ContRail: A Framework for Realistic Railway Image Synthesis using ControlNet
Andrei-Robert Alexandrescu, Razvan-Gabriel Petec, Alexandru Manole, Laura-Silvia Diosan
TL;DR
ContRail tackles data scarcity in railway scene understanding by generating realistic ego-view railway images with a ControlNet-based, multi-modal conditioning framework. It combines segmentation masks and Canny edges as input conditions and leverages BLIP-2-derived prompts to guide stable diffusion, achieving realistic synthesis while enabling a single model to handle multiple conditioning signals. Quantitative results show that synthetic data can improve rail segmentation performance, with best gains when synthetic images accompany real data on the same ground-truth masks, and a low Fréchet Inception Distance indicating realism. The approach demonstrates practical impact by enabling targeted data augmentation for domain-specific vision tasks, potentially improving robustness in rare or hard-to-capture railway scenarios.
Abstract
Deep Learning became an ubiquitous paradigm due to its extraordinary effectiveness and applicability in numerous domains. However, the approach suffers from the high demand of data required to achieve the potential of this type of model.
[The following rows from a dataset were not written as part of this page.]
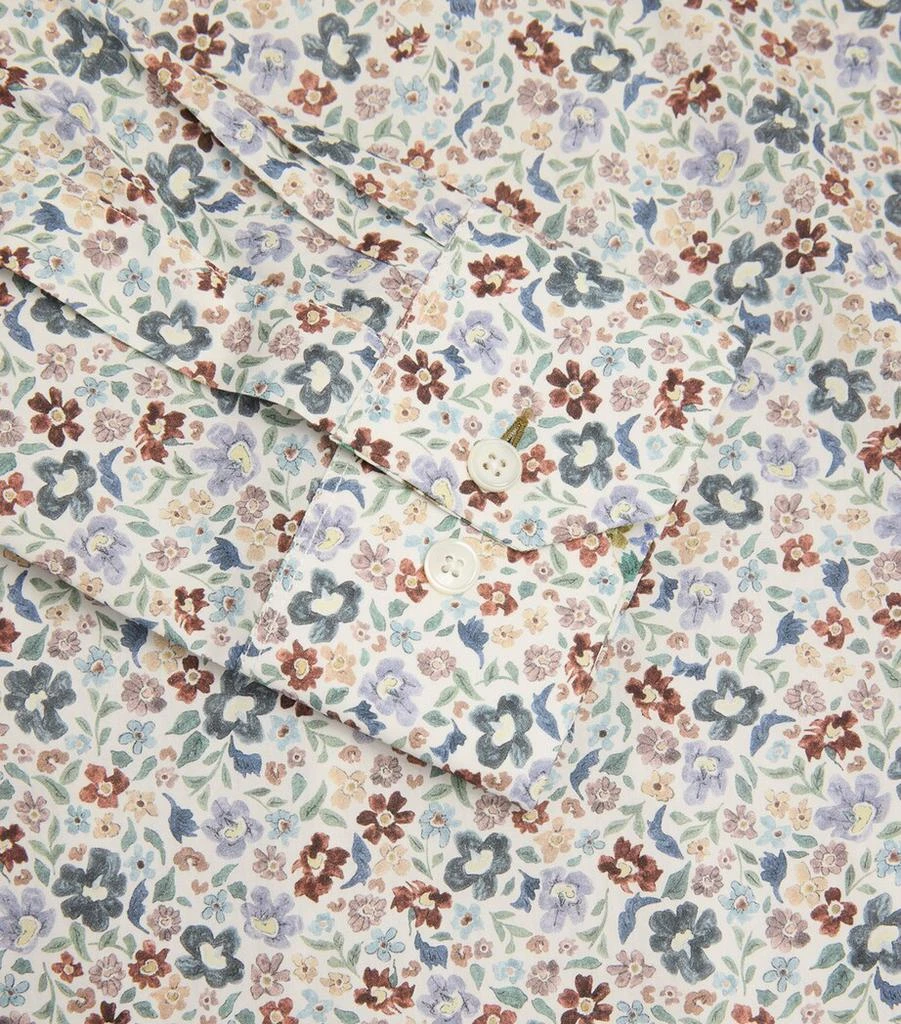 Paul Smith Cotton Floral Shirt 5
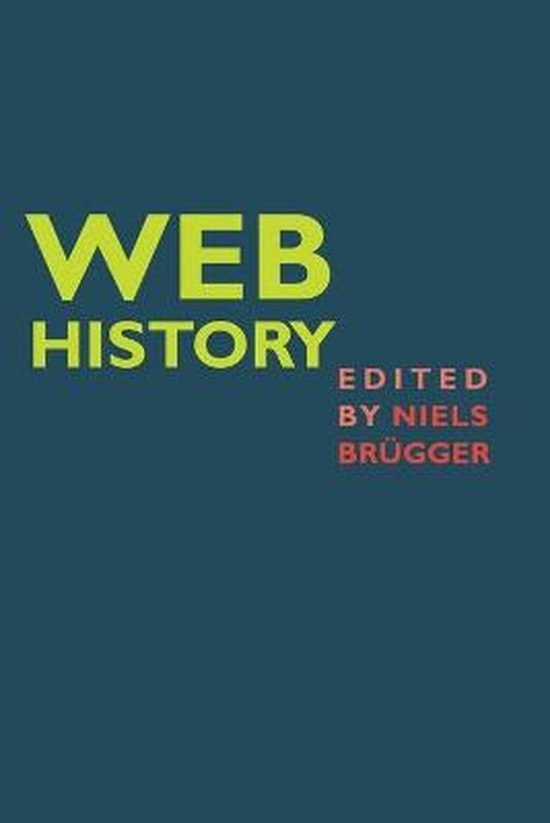 Web History - cover
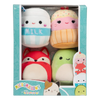 Комплект от 4 плюшени играчки Squishmallows Micromallows – Фифи, Хенри, Мели, Клара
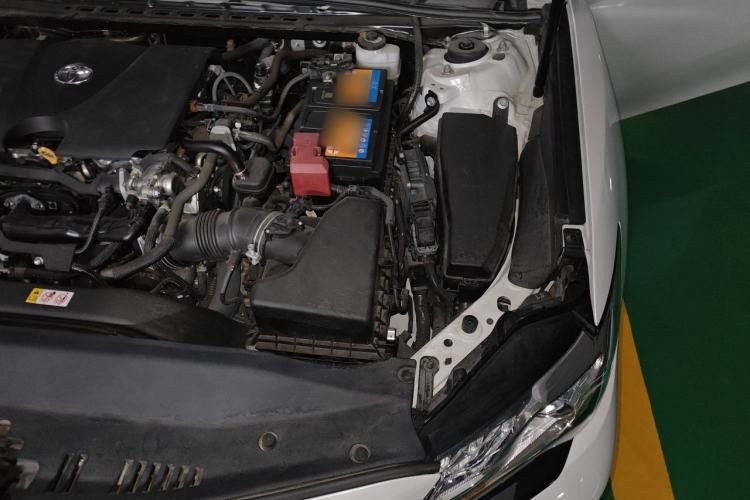 Used Toyota Camry 2019 2.0S FENGSHANG Version China VI Standard Engine Bay Left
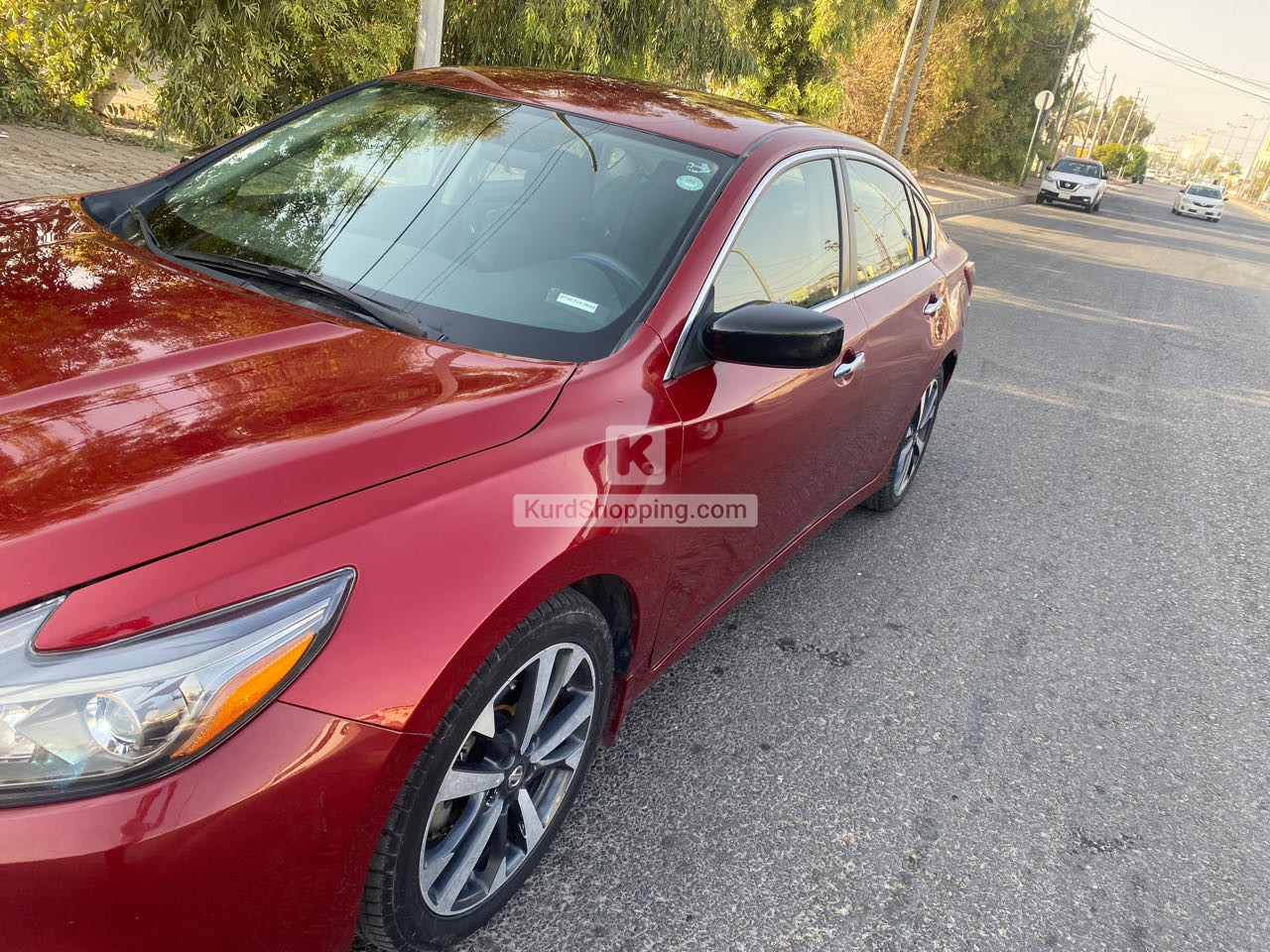 Nissan Altima 2017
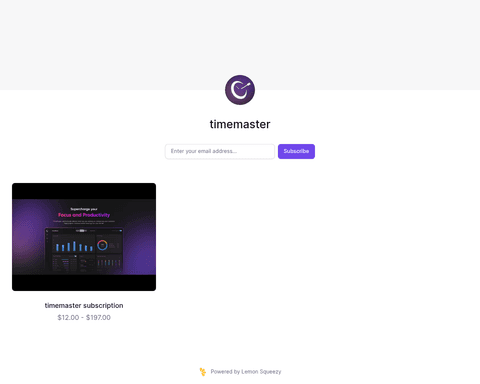 TimemasterAI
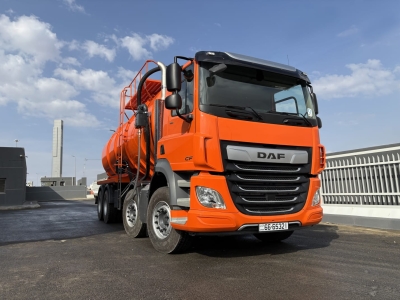 المناصير لتجارة الآليات تسلم شاحنات DAF لشركة الولاء لخدمات الإعاشة ضمن سياستها للتعاون مع كبريات شركات القطاع الخاص في الأردن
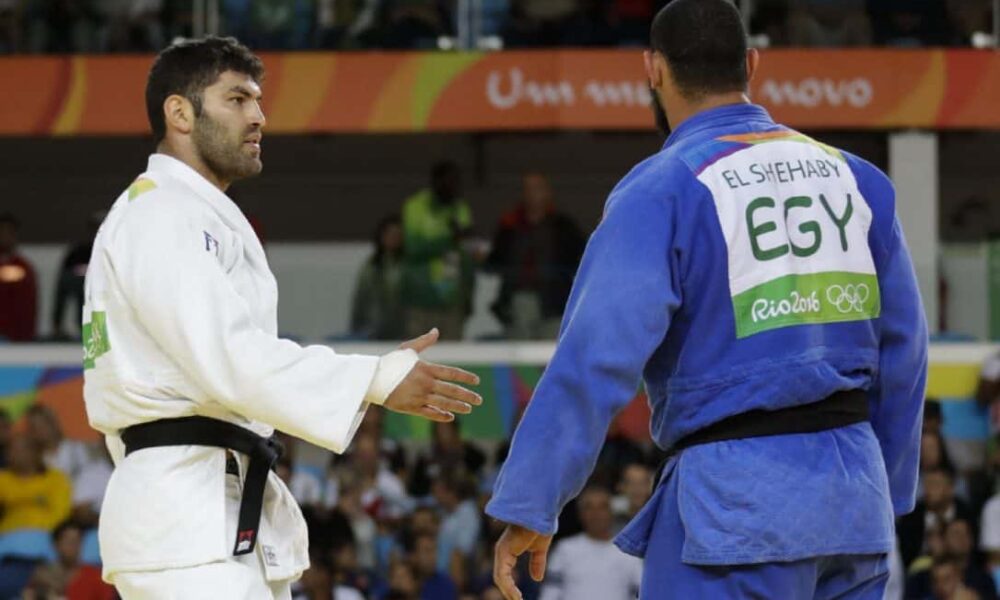 judo, egypt, israel, shake hands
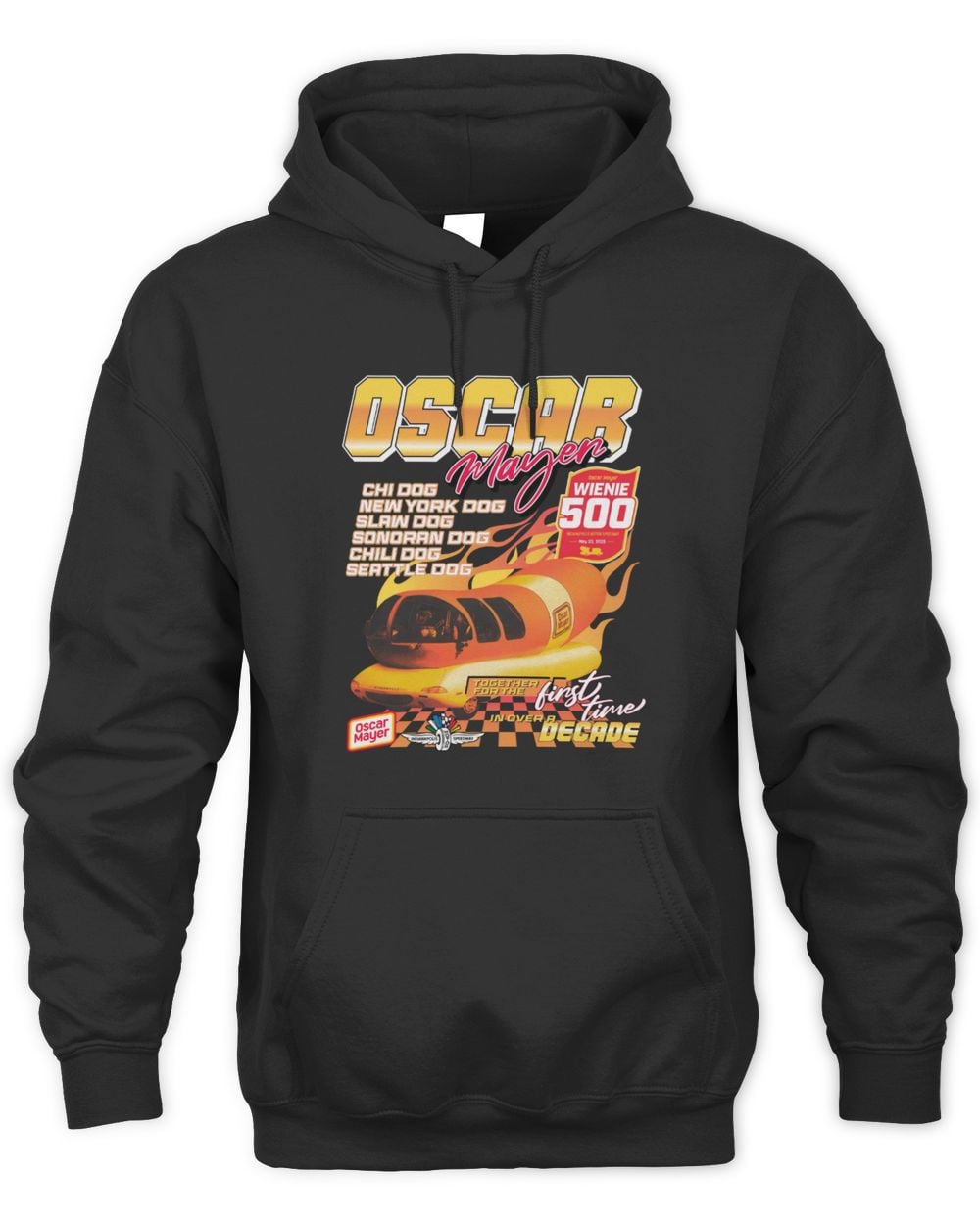 Paradise Of Flowers Weenie 500 Hoodie Sweatshirt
An ever-increasing sub-field of Artificial Intelligence, Image Synthesis, aims to address this limitation through the design of intelligent models capable of creating original and realistic images, endeavour which could drastically reduce the need for real data. The Stable Diffusion generation paradigm recently propelled state-of-the-art approaches to exceed all previous benchmarks. In this work, we propose the ContRail framework based on the novel Stable Diffusion model ControlNet, which we empower through a multi-modal conditioning method. We experiment with the task of synthetic railway image generation, where we improve the performance in rail-specific tasks, such as rail semantic segmentation by enriching the dataset with realistic synthetic images.